-- Task prompt --
Please copy only the material from the line that has "1864 Granada Dr, Marco Island, FL 34145" to the very last line, both ends included, exactly as written and without pictures.

-- Information shown --
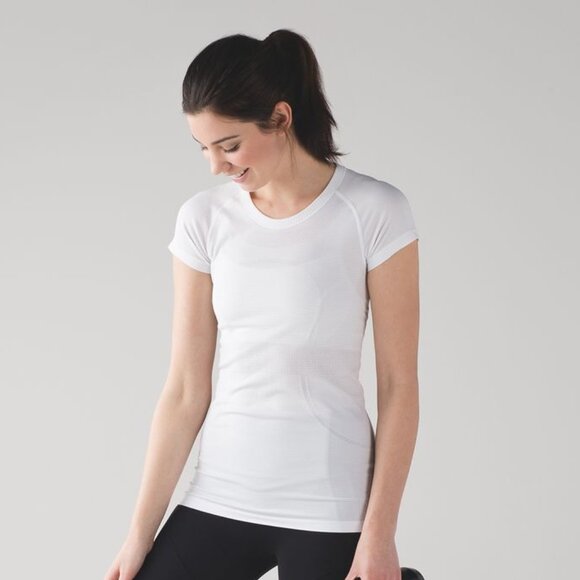 lululemon athletica Tops - Lululemon Women's Swiftly Tech Short Sleeve Crew - White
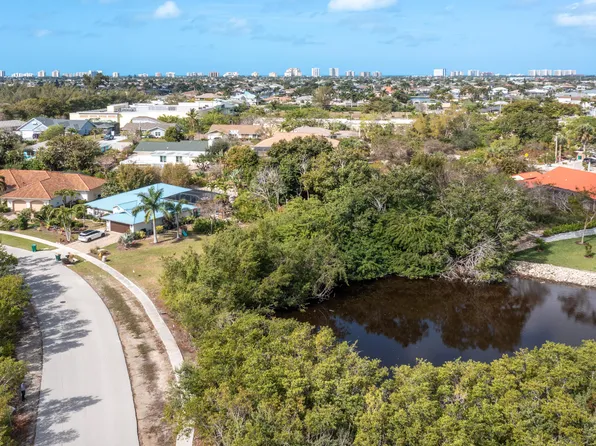 1864 Granada Dr, Marco Island, FL 34145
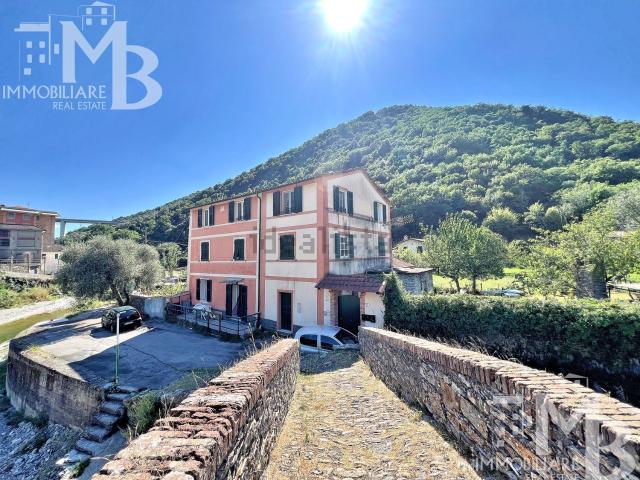 Appartamento in vendita di 122 m² in Via Ponti Romani, 29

-- Output of the exercise --
 1864 Granada Dr, Marco Island, FL 34145
 Appartamento in vendita di 122 m² in Via Ponti Romani, 29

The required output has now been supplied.